The research explains why:

• Nonsmoking teens whose favorite stars frequently smoke on screen are sixteen times more likely to have positive attitudes about smoking in the future.

• Smoking in movies is the most powerful pro-tobacco influence on kids today, accounting for 44% of adolescents who start smoking, an effect even stronger than cigarette advertising.

• Taking all other factors into account — such as whether their parents smoke — seeing a lot of smoking in movies tripled the odds that teens would try smoking. (Learn aboiut this landmark study.)

• More important, exposure to smoking in the movies quadrupled the chance that nonsmokers’ kids would start.

Big Tobacco's marketing experts and independent researchers agree. Moving stories with charismatic actors are a powerful way to attract new smokers and keep current smokers.
That's why TV advertising of tobacco brands was banned in 1970. Tobacco companies turned to Hollywood to place their brands on screen without the audience knowing. Today, movies that show a tobacco brand are also more likely to include smoking in their TV ads, undercutting the 1970 ban.

Big tobacco companies know the power of movies.
Marlboros have featured in at least seventy-four of Hollywood's top-grossing movies over the past fifteen years. Studies show that brands showing up on screen most often are also the most heavily-advertised in other media.

Insider documents reveal that both Brown and Williamson and RJ Reynolds (both now part of British American Tobacco) worried that Philip Morris did a better job of getting its brands, like Marlboro, into the movies. An RJ Reynolds marketing analyst outlined why smoking in the movies is so important to the tobacco industry:
"The medium is the message, and the message would be right — part of the show. How different from being the Corporate Moneybags or pushing samples in the lobby. It's the difference between B&W [Brown and Williamson Tobacco] doing commercials in movie houses and Marlboro turning up in the movies.

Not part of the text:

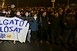 A hétfői diáktüntetések után szerdán is demonstrációk várhatók A hétfői diáktüntetések után szerdán is demonstrációk várhatók
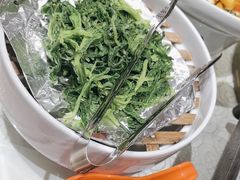 -箪食巷私房菜馆·鲁菜(玉函路店)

"Pull, not push. Nobody tells them the 'answer,' they just know. Not 'why are you smoking that?' but 'I saw that video — can I try one?' If they feel like wearing the badge, they'll buy it. Like magic.

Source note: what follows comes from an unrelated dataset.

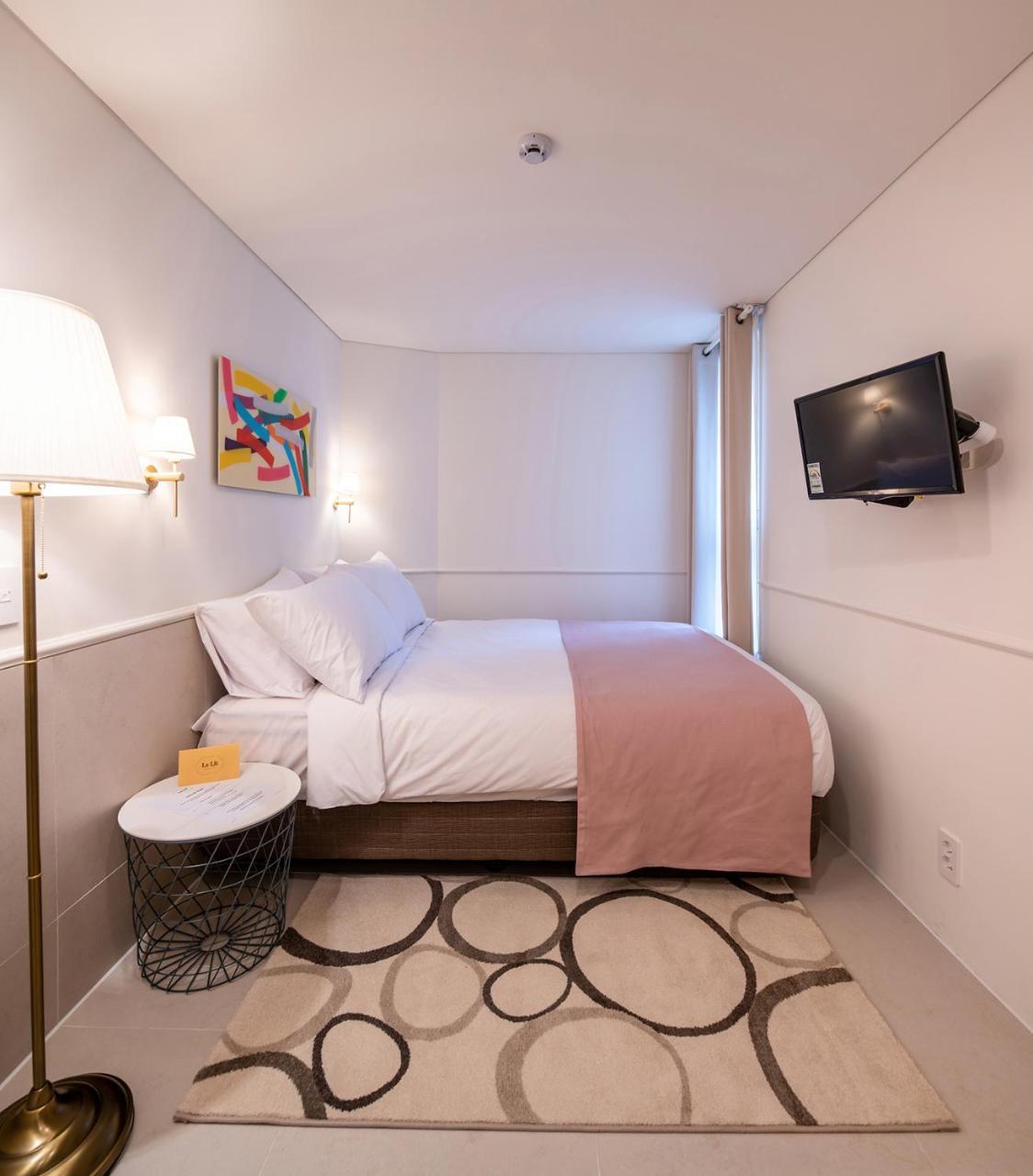 Le Lit Seoul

"Right now, Marlboro has all the magic. And I'm curious how they got it. Certainly legal eyebrows would raise at any direct arrangement for Marlboro's omnipresence in FUBYAS [young smokers] media. In fact, I read recently about a PMer [Philip Morris executive] who was confronted about Marlboro's movie appearances and gave some cagey response like 'Lets just say no money changed hands.' Perhaps TEM could find out how such things magically happen for Marlboro. They don't need the magic, but we do — unless we are prepared to wait years for the buzz, much less the payoff on the bottom line."